Instructions with respect to the

Offer to Purchase for Cash

All Outstanding Common Units Representing Limited Partner Interests

in

OCI Partners LP

by

OCIP Holding II LLC

a wholly owned subsidiary of

OCI N.V.

The undersigned acknowledge(s) receipt of your letter, the enclosed Offer to Purchase, dated June 4, 2018, and the related Letter of Transmittal (which, together with any amendments or supplements thereto, collectively constitute the “Offer”) in connection with the offer by OCIP Holding II LLC (“Holding II”), a Delaware limited liability company and a wholly owned subsidiary of OCI N.V., a Dutch public limited company (“Parent” and together with Holding II, “OCI”), to purchase all outstanding common units representing limited partner interests (the “Units”) in OCI Partners LP, a Delaware limited partnership (“OCIP”), not currently held by OCI or its affiliates, at a price of $11.00 per Unit, net to the seller in cash, without interest thereon and less any applicable withholding taxes, upon the terms and subject to the conditions set forth in the Offer to Purchase.
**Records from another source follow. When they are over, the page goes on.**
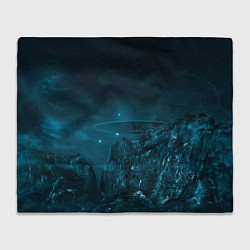 Плед флисовый Синий космос, горы и нло, цвет: 3D-велсофт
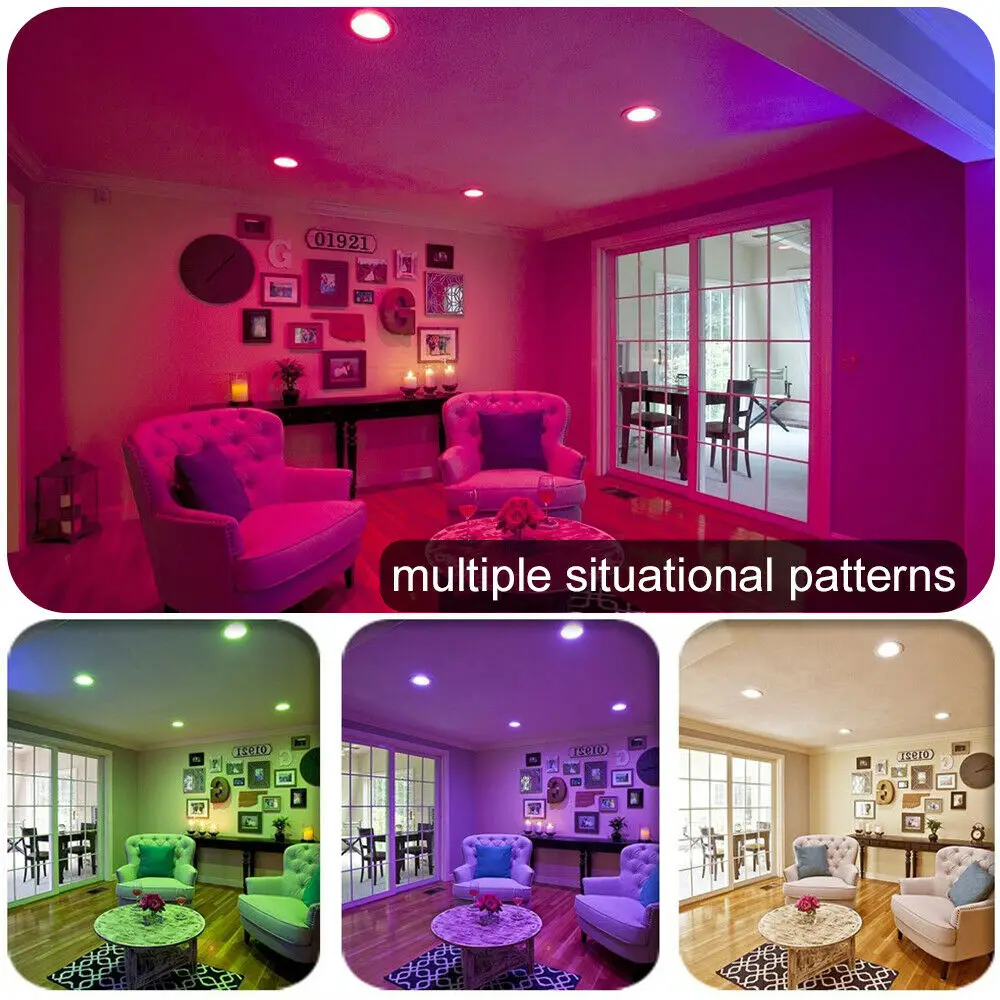 Spot Lumineux Circulaire LED RVB Compatible Bluetooth Intelligent, Lampe de Plafond, Proxy, Éclairage d'Nik, 5W, 9W, 16 Documents, WW, CW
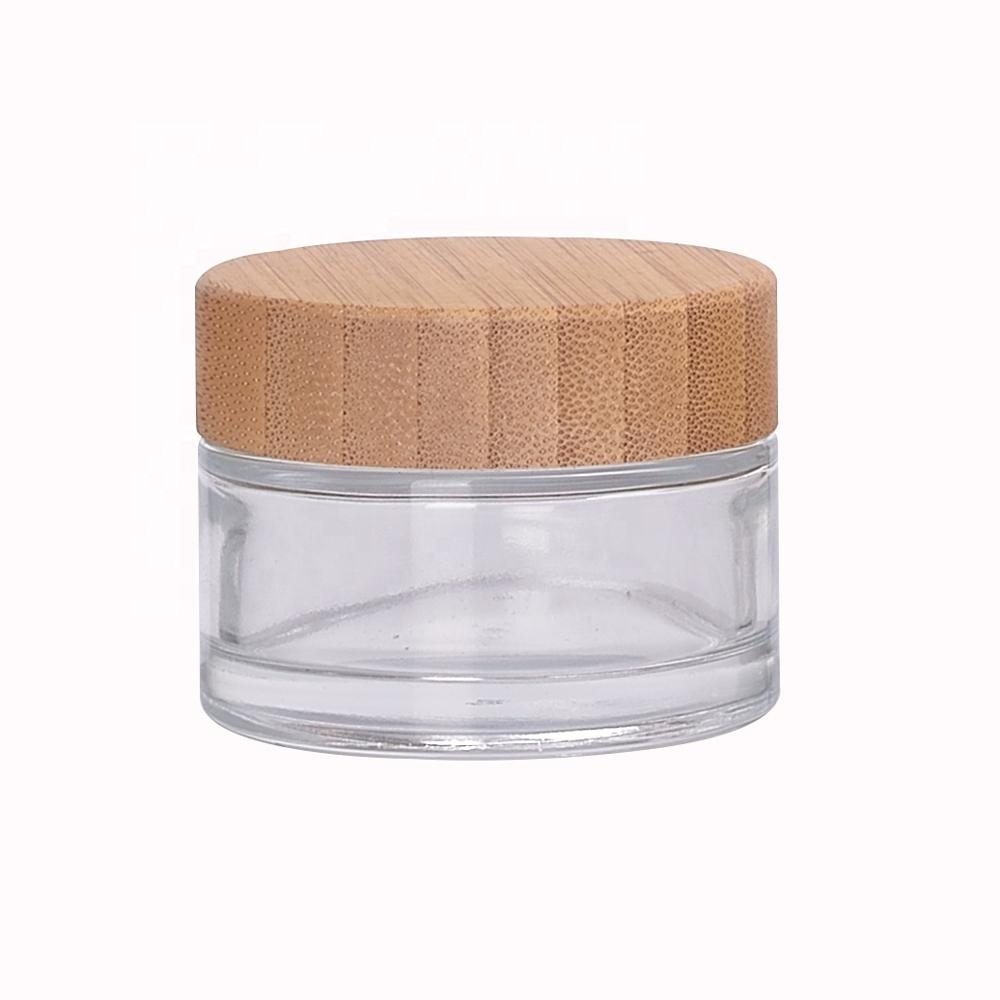 wooden packaging 30ml 50ml 100ml empty glass bottle bamboo cap body lotion spray pump glass with bamboo lid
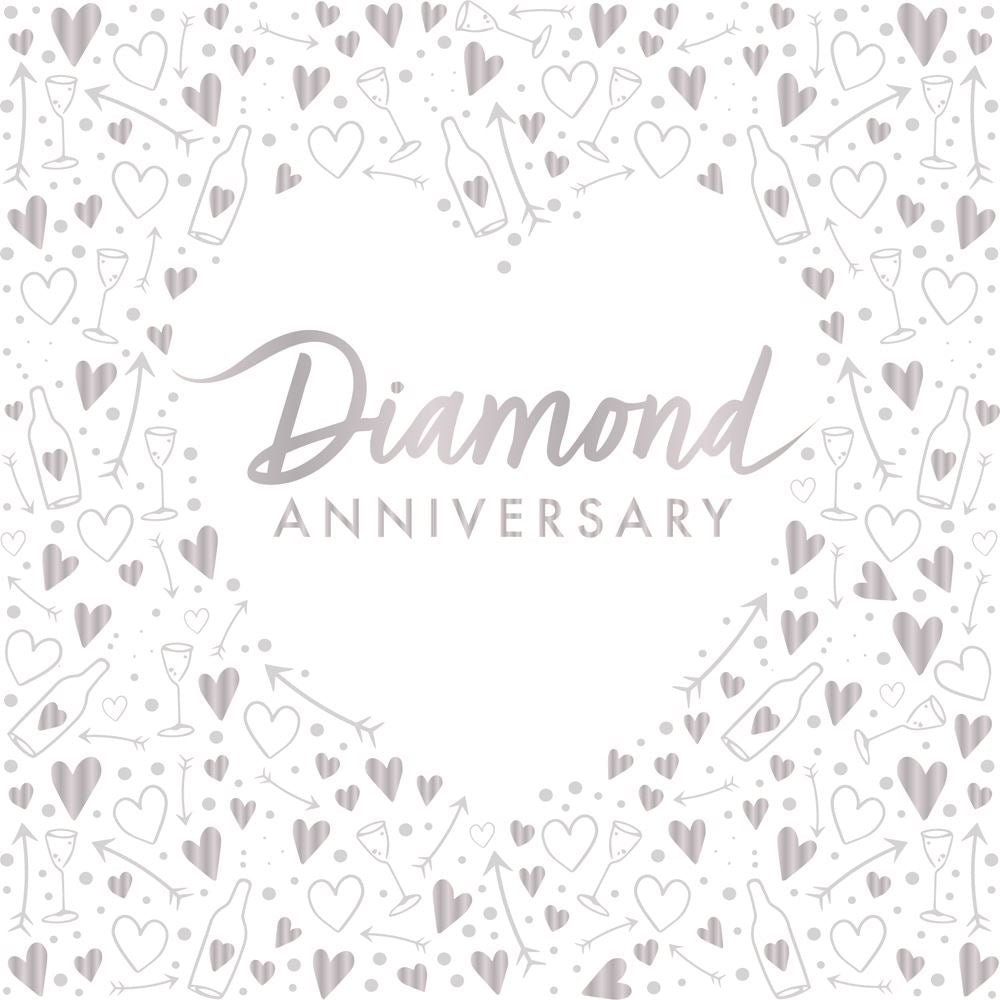 diamond-anniversary-foiled-paper-party-napkins-3-ply-x-16|J045|Luck and Luck| 1
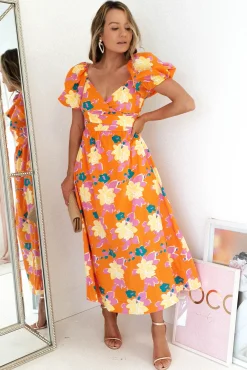 Sweet Flower Midi Dress | Orange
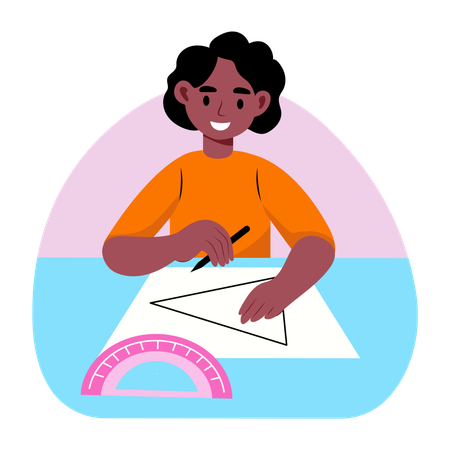 Math student learning algebra  Illustration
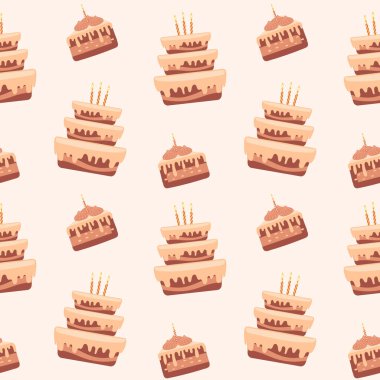 Kusursuz desenler, tatil mumlu tatil pastaları, kek parçaları, lezzetli tatlılar, pastalar, kekler. Gıda arkaplanı, menü, vektör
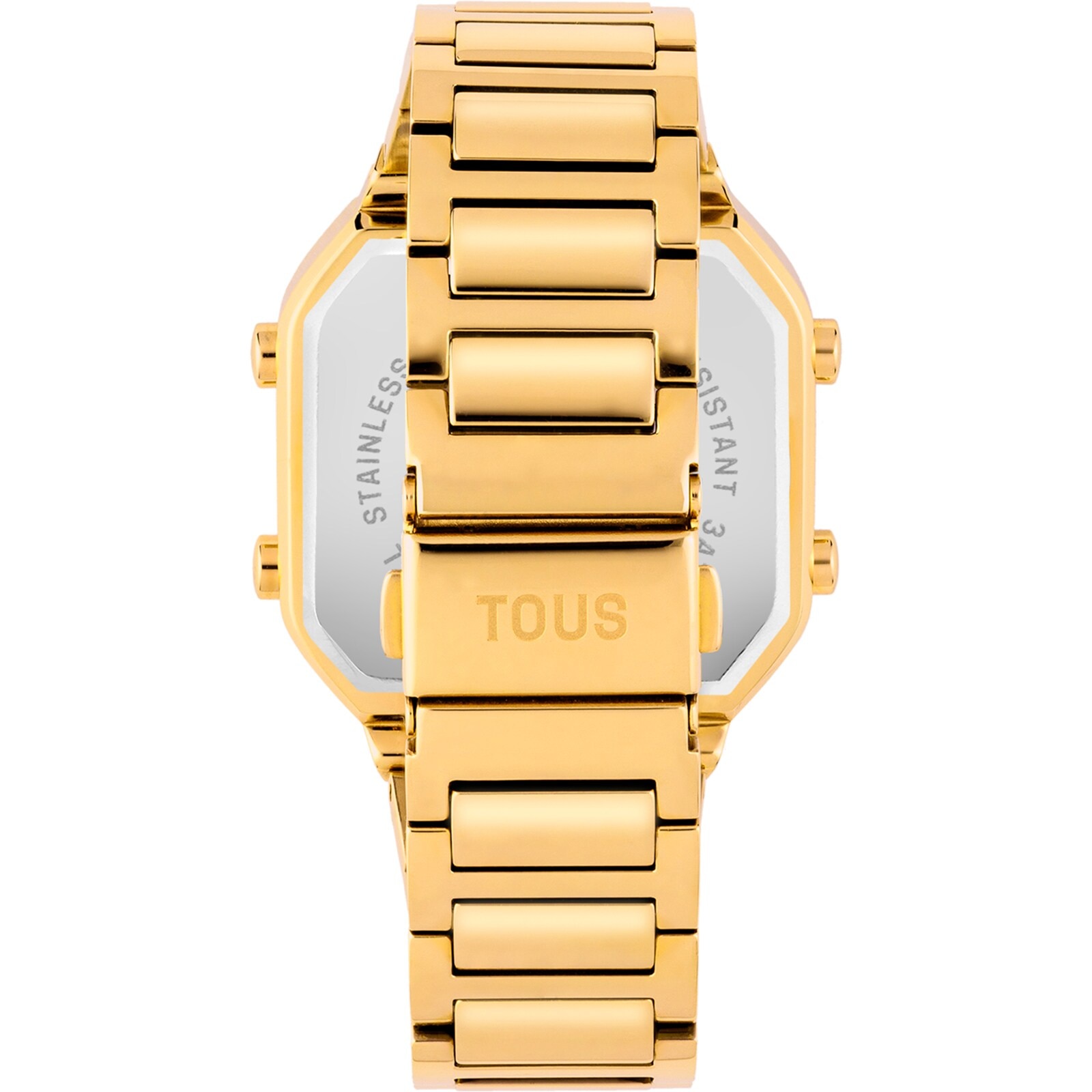 Digital Watch with gold-colored IPG steel bracelet and zirconias D-BEAR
This will instruct you to tender to OCI the number of Units indicated below (or, if no number is indicated below, all Units) which are held by you for the account of the undersigned, upon the terms and subject to the conditions set forth in the Offer.

Number of Units to be Tendered*:

 

SIGN HERE:

Account No.:

Signature(s):

Dated:

Print Name(s):

Address(es):

Area Code and Telephone Number:

Tax Identification or Social Security Number:

 

* Unless otherwise indicated, it will be assumed that all Units held by us for your account are to be tendered.